The question is: what does the user actually want? What experience should we aim to provide to the user, regardless of technical implementation and design details? The two main answers to this would be 1) fastest page load and interaction regardless of connection speed, and 2) the ability to consume one type of content at a time / one task at a time. In an ideal world, what tools could we use to provide this?
- Responsive web design/components: Whether you’ve got a separate mobile site or not, all your front facing content should be responsive. There is no excuse (cost of implementation should be lobbied for if necessary) if you are serious about providing a good user experience to your audience not to consider this, progressively adding more complexity to your layout. If you are using a modular approach to your front end as described in a previous post, hopefully in the future we’ll be able to apply element level media queries http://filamentgroup.com/lab/element_query_workarounds/.
- Better IA and User flow: This means tailoring the main content flow to allow the users to access on type of content or a task at a time. This especially important if screen real estate is limited on mobile devies, you need to strike the balance between providing enough obvious and accessible navigation to help the user, but not so much that is get in the way of the task they are trying to complete.
- Network Speed Detection: If this ever becomes available, I think it would be a ground breaking addition to the tool belt. The implementation would have to be two fold: firstly, when initially connecting to webpage, send a header with the last known connection speed (WiFi, 4G, 3G, the dreaded E). and then secondly something browser-side in JS, the ability to check the current connection speed ad hoc, but also bind to network change events, such as when a user suddenly changes from 3G to 4G, or from 3G to WiFi. One example use of this could be changing the version of images that are lazy loaded depending on the connection spped, or providing some sort of UI element over an image to optionally update it to a higher quality by the user, rather than consuming their data usage. This is similar to how Youtube provides quality toggling on videos, or how Netflix will shift to a lower resolution should the connection speed drop.
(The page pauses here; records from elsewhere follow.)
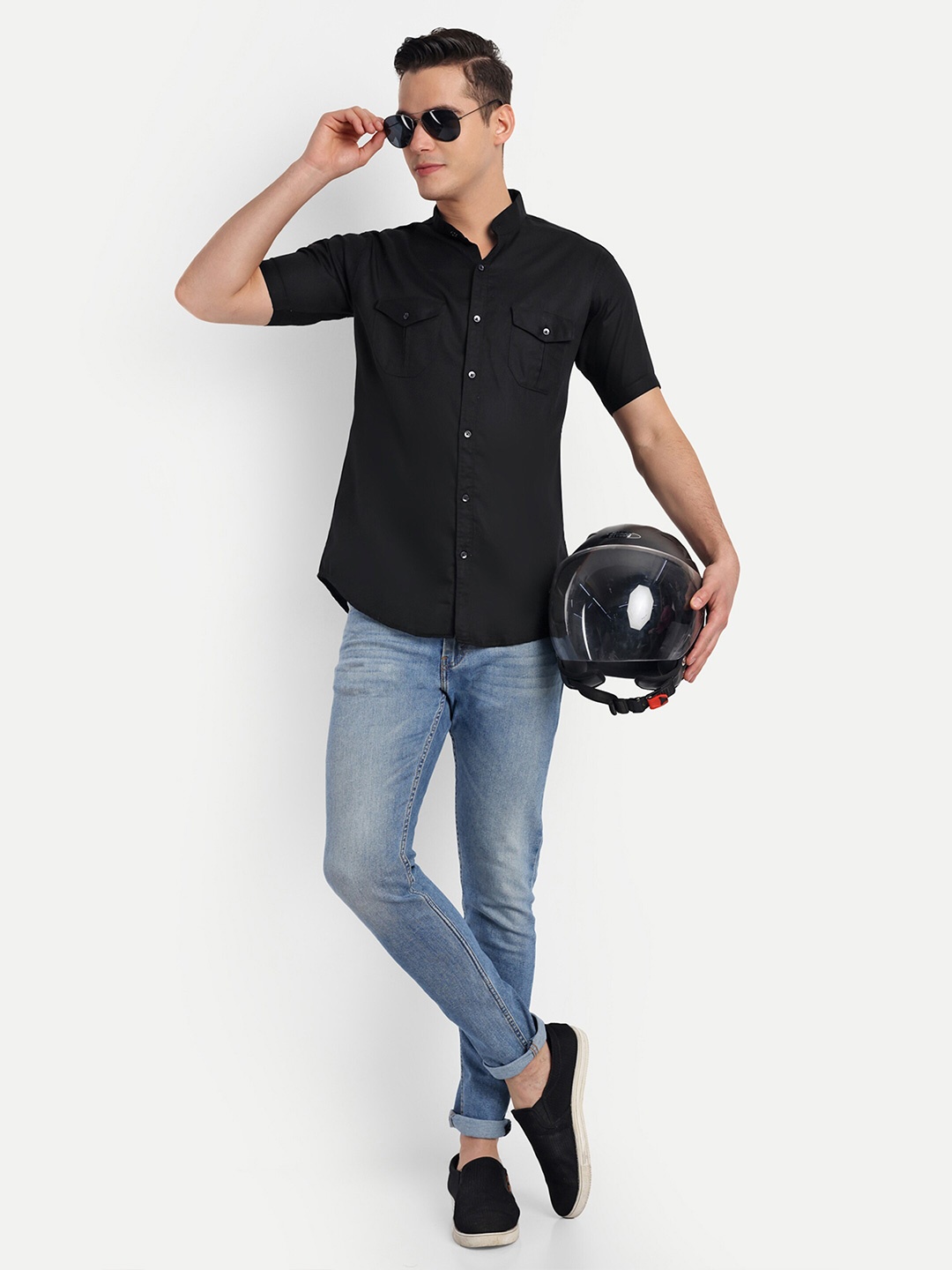 

S-LINE Classic Spread Collar Half Sleeve Cotton Casual Shirt, Black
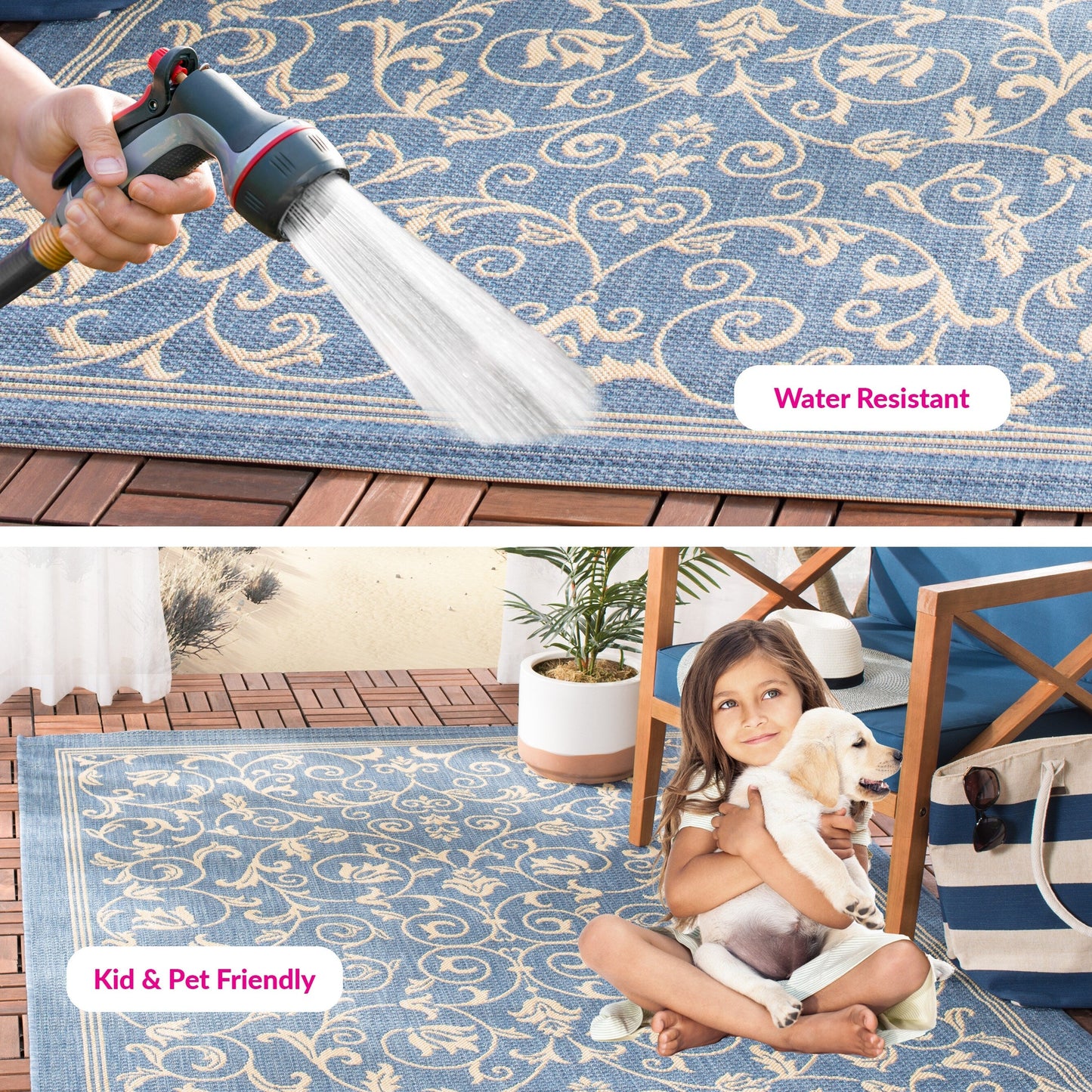 SAFAVIEH Courtyard Miljeta Indoor/ Outdoor Waterproof Patio Backyard Rug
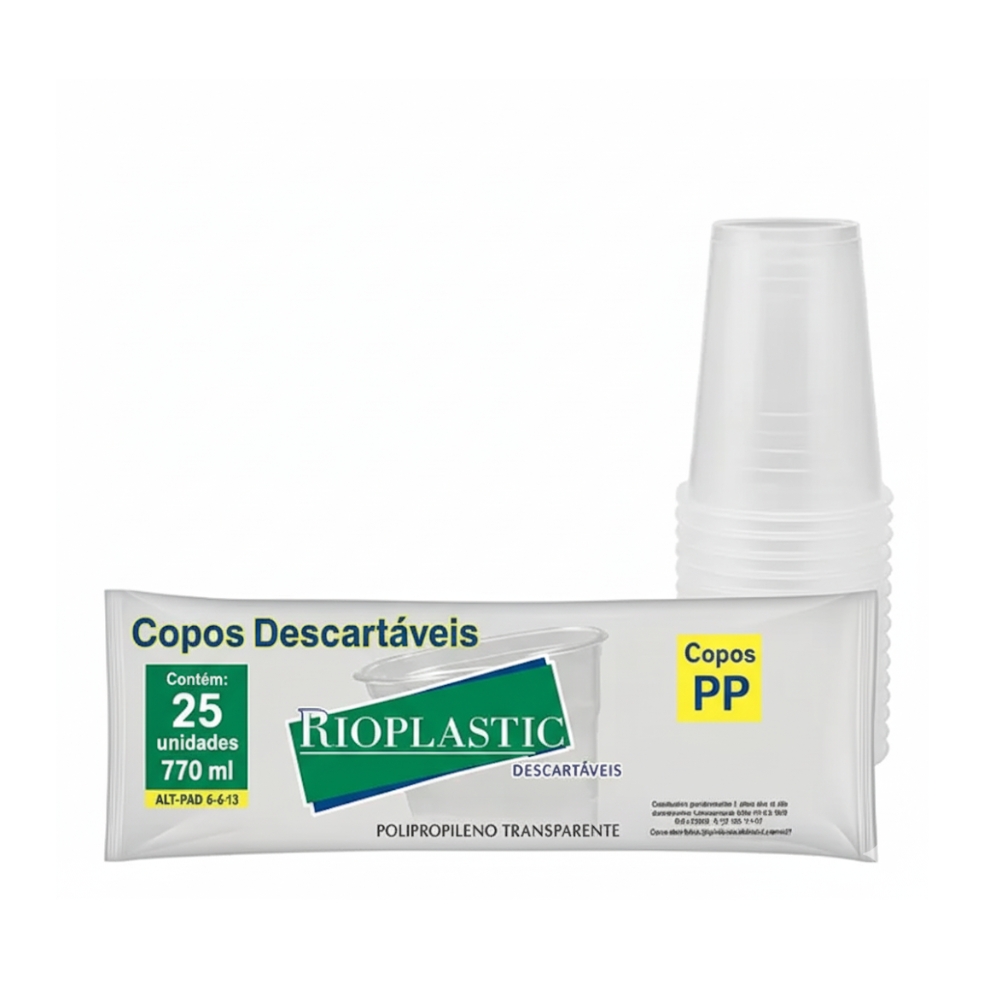 Copo PP Rioplastic – 770ml (25 unidades)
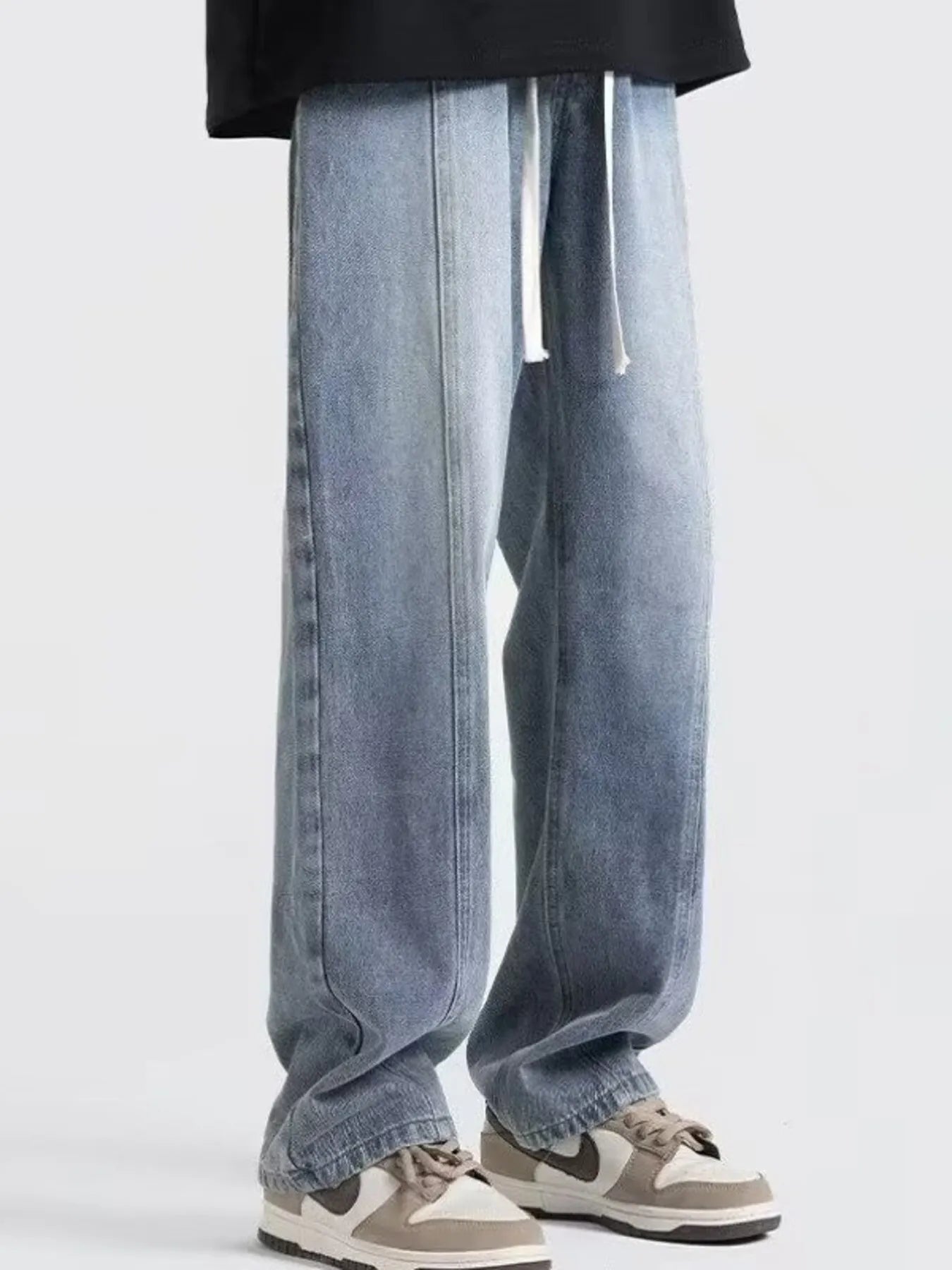 Men's Full Size Vintage Wash Wide Leg Jeans Plus Size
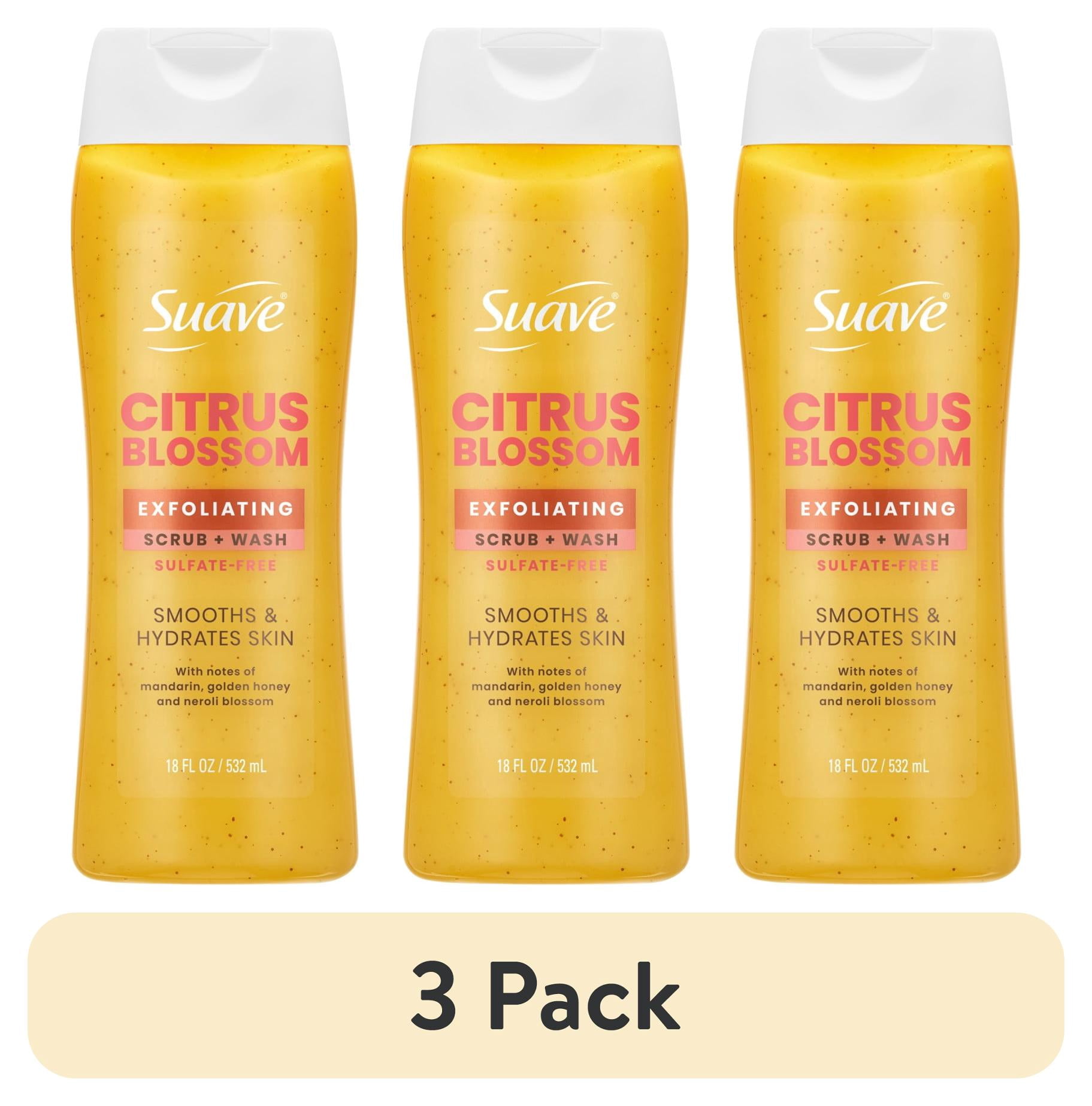 (3 pack) Suave Citrus Blossom Exfoliating Body Wash & Scrub With Glycerin & Vitamin E, 18 FL OZ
A word on server side UA detection: The utility of this is debatable. Firstly as you will need to keep or reference an up-to-date list of mobile user agents, a cumbersome task (thought resources do exist, they require downloading a snapshot file or a hTTP request). Secondly, how useful is it knowing that you a serving content to an iPhone rather a Macbook Pro? Whats the connection speed? Is the device expecting retina? I believe this approach will become redundant as move devices appear and the line between mobile / tablet / desktop becomes blurred. Additionally, if you use a full page caching layer, you would have to segment you pages into N buckets depending on the number of different versions you wish to serve, which adds complexity.